- **Work order**
Please print the entries below exactly, from the line with "Organigramm - Toolbox 2D PowerPoint-Vorlage" through the line with "Vonná svíčka ve", including both of those lines and leaving out all others.
Start of Source information
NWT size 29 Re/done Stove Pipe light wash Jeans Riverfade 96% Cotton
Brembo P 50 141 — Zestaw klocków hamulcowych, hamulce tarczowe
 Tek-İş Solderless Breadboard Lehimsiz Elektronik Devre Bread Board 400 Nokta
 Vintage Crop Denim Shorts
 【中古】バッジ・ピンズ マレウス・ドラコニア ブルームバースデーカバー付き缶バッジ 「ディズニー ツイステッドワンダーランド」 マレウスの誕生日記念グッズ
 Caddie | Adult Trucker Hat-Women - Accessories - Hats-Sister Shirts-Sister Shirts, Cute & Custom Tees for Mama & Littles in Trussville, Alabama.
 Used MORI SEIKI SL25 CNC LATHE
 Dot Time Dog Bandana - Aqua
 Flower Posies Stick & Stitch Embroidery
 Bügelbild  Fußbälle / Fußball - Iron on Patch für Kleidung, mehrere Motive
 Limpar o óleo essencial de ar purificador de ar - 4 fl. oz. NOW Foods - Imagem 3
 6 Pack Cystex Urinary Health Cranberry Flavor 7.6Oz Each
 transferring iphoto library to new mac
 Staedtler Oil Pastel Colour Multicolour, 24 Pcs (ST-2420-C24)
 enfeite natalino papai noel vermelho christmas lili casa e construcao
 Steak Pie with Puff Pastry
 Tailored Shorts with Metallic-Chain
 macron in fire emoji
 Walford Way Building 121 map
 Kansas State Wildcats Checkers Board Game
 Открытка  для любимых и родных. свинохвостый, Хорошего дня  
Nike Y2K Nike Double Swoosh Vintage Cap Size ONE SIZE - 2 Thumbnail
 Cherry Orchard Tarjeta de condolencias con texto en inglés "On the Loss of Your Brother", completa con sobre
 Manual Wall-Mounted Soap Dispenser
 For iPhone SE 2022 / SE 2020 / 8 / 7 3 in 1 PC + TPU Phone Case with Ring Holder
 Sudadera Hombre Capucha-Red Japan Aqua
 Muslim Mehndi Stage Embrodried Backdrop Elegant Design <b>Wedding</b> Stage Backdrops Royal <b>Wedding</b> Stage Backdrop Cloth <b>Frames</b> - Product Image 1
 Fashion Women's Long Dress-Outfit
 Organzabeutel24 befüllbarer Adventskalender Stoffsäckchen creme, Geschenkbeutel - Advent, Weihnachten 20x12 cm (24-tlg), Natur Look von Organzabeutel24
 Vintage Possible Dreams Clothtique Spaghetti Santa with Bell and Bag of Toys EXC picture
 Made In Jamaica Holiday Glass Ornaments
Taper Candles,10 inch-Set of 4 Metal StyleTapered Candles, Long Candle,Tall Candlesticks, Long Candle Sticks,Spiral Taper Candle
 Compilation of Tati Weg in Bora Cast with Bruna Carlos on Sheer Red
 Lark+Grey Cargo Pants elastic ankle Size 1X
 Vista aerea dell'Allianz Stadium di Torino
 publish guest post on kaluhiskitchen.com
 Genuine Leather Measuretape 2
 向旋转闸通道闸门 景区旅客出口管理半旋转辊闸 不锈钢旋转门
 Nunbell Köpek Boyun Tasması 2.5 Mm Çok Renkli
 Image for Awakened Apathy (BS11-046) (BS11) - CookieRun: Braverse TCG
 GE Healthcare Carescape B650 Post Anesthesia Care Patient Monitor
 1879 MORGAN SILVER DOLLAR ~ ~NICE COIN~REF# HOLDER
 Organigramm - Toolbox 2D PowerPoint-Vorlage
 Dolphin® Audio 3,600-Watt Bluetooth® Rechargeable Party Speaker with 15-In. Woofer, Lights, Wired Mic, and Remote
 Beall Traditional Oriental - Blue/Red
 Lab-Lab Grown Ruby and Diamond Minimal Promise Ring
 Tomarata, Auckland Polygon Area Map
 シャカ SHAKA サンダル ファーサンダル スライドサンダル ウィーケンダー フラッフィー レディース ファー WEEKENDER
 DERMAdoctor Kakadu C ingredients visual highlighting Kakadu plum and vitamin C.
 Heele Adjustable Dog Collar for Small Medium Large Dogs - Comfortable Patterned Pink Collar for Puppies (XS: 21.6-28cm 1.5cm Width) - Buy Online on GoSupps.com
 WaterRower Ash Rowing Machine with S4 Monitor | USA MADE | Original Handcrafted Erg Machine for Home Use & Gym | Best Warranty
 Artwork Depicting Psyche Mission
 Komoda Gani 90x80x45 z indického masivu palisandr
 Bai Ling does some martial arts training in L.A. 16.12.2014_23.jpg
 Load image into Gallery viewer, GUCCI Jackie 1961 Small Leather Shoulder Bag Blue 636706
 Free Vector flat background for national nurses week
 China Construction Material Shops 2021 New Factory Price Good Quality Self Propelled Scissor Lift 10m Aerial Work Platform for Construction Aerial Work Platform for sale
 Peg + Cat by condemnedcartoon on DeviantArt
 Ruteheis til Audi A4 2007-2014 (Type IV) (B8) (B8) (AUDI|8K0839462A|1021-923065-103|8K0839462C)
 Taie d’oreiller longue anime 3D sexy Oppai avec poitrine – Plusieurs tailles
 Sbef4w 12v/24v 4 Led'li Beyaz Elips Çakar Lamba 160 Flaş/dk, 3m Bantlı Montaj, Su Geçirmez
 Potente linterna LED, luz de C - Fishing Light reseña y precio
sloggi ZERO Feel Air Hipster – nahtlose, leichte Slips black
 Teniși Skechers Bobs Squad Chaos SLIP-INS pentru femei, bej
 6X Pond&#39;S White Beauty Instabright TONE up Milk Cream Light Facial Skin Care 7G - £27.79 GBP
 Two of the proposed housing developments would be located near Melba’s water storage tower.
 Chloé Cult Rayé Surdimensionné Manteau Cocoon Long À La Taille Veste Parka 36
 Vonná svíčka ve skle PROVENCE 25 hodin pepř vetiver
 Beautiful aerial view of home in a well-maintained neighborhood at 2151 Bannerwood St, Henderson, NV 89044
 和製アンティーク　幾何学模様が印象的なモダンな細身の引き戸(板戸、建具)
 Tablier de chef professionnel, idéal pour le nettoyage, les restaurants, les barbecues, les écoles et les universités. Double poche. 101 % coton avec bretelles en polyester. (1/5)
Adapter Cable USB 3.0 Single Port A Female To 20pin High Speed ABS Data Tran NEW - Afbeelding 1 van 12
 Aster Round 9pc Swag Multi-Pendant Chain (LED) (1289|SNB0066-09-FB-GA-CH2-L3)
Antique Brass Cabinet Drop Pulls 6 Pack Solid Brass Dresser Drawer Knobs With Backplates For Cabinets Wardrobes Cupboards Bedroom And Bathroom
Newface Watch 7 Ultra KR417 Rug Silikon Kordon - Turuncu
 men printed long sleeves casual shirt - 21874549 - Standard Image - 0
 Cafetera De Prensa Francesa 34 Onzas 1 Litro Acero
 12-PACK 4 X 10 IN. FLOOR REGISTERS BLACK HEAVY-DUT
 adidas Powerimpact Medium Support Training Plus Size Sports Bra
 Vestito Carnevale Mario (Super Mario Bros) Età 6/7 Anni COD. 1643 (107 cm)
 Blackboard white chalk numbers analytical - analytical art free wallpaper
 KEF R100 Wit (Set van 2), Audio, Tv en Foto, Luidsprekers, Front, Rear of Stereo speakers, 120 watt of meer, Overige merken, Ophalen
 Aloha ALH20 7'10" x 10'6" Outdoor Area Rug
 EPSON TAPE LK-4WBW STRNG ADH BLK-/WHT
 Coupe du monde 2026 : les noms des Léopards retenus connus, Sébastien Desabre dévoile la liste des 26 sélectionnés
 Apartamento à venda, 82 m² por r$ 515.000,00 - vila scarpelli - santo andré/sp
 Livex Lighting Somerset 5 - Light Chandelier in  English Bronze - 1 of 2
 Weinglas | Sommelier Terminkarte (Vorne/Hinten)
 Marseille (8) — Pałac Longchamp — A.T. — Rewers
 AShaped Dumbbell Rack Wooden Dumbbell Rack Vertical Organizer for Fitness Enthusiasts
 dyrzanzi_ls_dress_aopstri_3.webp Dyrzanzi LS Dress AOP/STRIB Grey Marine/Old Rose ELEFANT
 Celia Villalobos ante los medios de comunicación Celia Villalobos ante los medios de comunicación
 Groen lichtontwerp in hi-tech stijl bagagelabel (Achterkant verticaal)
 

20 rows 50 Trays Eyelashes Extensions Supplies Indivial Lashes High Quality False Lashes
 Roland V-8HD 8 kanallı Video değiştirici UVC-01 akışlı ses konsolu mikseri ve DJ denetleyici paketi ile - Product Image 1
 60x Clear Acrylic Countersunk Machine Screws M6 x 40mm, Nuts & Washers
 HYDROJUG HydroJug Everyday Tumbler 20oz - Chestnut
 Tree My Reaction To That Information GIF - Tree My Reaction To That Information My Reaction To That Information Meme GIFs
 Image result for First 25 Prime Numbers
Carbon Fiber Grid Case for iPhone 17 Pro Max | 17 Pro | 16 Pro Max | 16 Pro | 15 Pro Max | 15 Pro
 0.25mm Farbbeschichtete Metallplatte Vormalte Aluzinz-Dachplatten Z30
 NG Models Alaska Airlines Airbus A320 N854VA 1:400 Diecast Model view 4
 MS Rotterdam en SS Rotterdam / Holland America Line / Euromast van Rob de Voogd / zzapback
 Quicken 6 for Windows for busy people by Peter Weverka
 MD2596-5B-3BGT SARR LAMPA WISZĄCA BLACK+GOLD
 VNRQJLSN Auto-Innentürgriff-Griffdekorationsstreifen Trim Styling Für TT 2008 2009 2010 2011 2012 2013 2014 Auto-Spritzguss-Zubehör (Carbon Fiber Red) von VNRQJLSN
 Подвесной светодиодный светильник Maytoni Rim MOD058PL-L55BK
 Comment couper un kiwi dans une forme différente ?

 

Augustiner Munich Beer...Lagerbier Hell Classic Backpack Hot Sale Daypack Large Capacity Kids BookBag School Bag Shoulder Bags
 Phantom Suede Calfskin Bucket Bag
End of Source information
- **Response area**
 Organigramm - Toolbox 2D PowerPoint-Vorlage
 Dolphin® Audio 3,600-Watt Bluetooth® Rechargeable Party Speaker with 15-In. Woofer, Lights, Wired Mic, and Remote
 Beall Traditional Oriental - Blue/Red
 Lab-Lab Grown Ruby and Diamond Minimal Promise Ring
 Tomarata, Auckland Polygon Area Map
 シャカ SHAKA サンダル ファーサンダル スライドサンダル ウィーケンダー フラッフィー レディース ファー WEEKENDER
 DERMAdoctor Kakadu C ingredients visual highlighting Kakadu plum and vitamin C.
 Heele Adjustable Dog Collar for Small Medium Large Dogs - Comfortable Patterned Pink Collar for Puppies (XS: 21.6-28cm 1.5cm Width) - Buy Online on GoSupps.com
 WaterRower Ash Rowing Machine with S4 Monitor | USA MADE | Original Handcrafted Erg Machine for Home Use & Gym | Best Warranty
 Artwork Depicting Psyche Mission
 Komoda Gani 90x80x45 z indického masivu palisandr
 Bai Ling does some martial arts training in L.A. 16.12.2014_23.jpg
 Load image into Gallery viewer, GUCCI Jackie 1961 Small Leather Shoulder Bag Blue 636706
 Free Vector flat background for national nurses week
 China Construction Material Shops 2021 New Factory Price Good Quality Self Propelled Scissor Lift 10m Aerial Work Platform for Construction Aerial Work Platform for sale
 Peg + Cat by condemnedcartoon on DeviantArt
 Ruteheis til Audi A4 2007-2014 (Type IV) (B8) (B8) (AUDI|8K0839462A|1021-923065-103|8K0839462C)
 Taie d’oreiller longue anime 3D sexy Oppai avec poitrine – Plusieurs tailles
 Sbef4w 12v/24v 4 Led'li Beyaz Elips Çakar Lamba 160 Flaş/dk, 3m Bantlı Montaj, Su Geçirmez
 Potente linterna LED, luz de C - Fishing Light reseña y precio
sloggi ZERO Feel Air Hipster – nahtlose, leichte Slips black
 Teniși Skechers Bobs Squad Chaos SLIP-INS pentru femei, bej
 6X Pond&#39;S White Beauty Instabright TONE up Milk Cream Light Facial Skin Care 7G - £27.79 GBP
 Two of the proposed housing developments would be located near Melba’s water storage tower.
 Chloé Cult Rayé Surdimensionné Manteau Cocoon Long À La Taille Veste Parka 36
 Vonná svíčka ve skle PROVENCE 25 hodin pepř vetiver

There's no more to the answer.